Even though they may be mostly strangers to me or to some of my cousins, they still stay with us. They were present when we grew up even if they weren’t with us. That my grandparents (and great-grandparents) shaped my parents and the way I grew up and learned and didn’t learn is clearly evident to me.
Cousins I barely know share habits I have. Card players, sports junkies, jokers and puzzlers. Some of us look alike, some of us have the same hairlines, walk alike or have the same shoulders or smiles. Those are some of the good things. My family has also had its fair share of alcoholics and broken marriages and self-destructive behaviour. While I fully acknowledge that personal responsibility should be more dominant a factor than heredity, I can’t help but see the patterns. Sometimes I find that the dustiness of what seems like the distant past disguises what is only as far away from us as we choose it to be. There are things that happened to me yesterday or last year that are less permanent than things that unfolded eighty years ago.

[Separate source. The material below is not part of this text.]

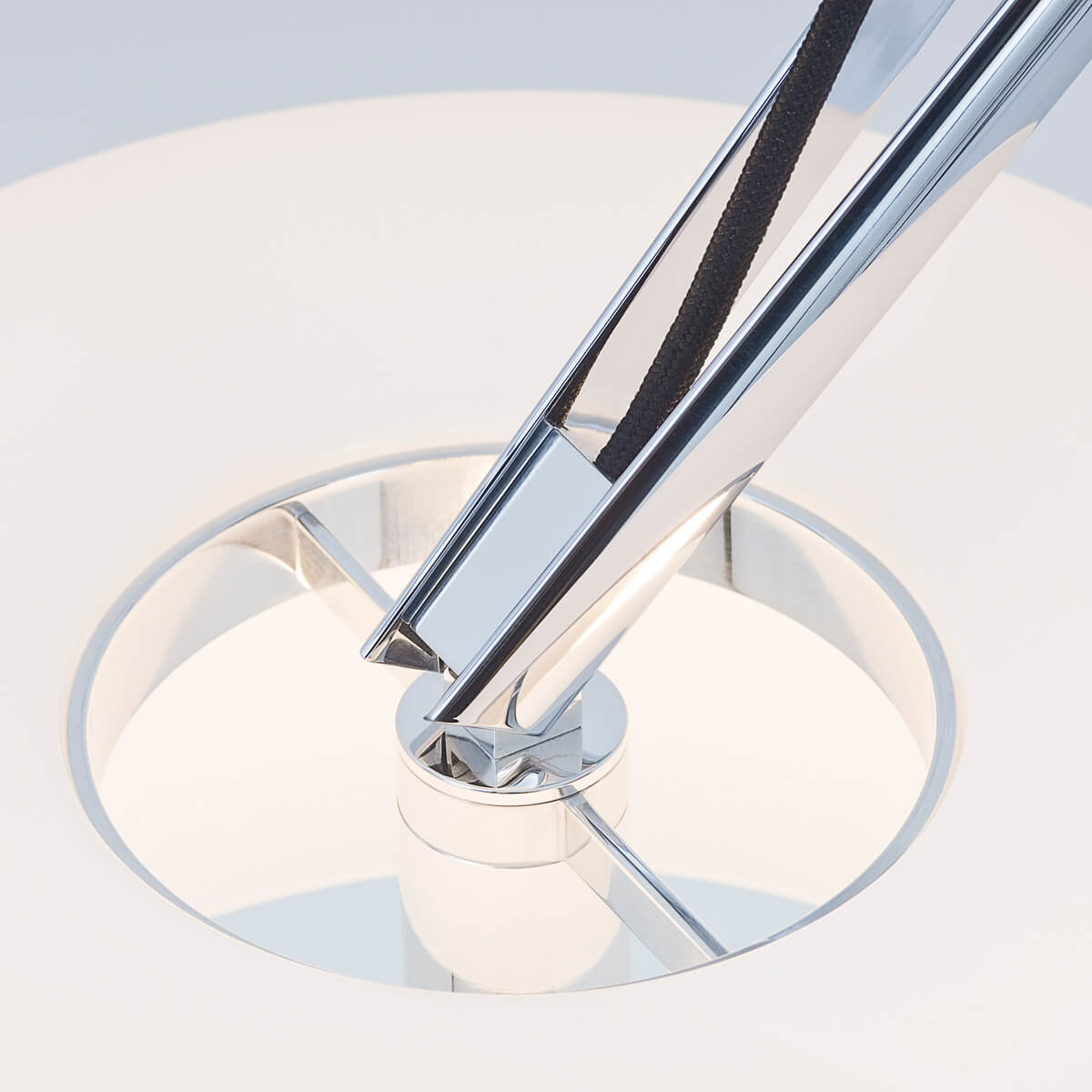 Serien.lighting Twin LED Suspension, Chrom, Schirme: Echtglas (©Christoph Lison)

My wife and I were arranging our funerals today. I probably have many dozens and dozens of relatives buried in the two cemeteries near where I live. Fifty ancestors within a five minute bike ride. They didn’t know me or know the man I became. I didn’t know them when they were young and without pain or worry. But we share the same blood.
My wife and I will be going in with my parents and my Dad’s grandfather. My great-grandfather wasn’t actually a blood relation because my grandmother was adopted. But my dad loved him dearly and that’s more than enough. Frank Greenslade died in 1962, a few years before I was born. He bought his plot and his stone for $15 and $35. I think he knew he was sick because he only bought it a few months before he died. It overlooks the primary school I eventually attended a decade later. That’s where my parents are. On a hill overlooking the schoolyard where I grew up.
I never met Great Grandpa Frank but we are in the same neighbourhood already. And some day, we’ll be even closer. What are the odds? Maybe they are higher than I may have ever thought.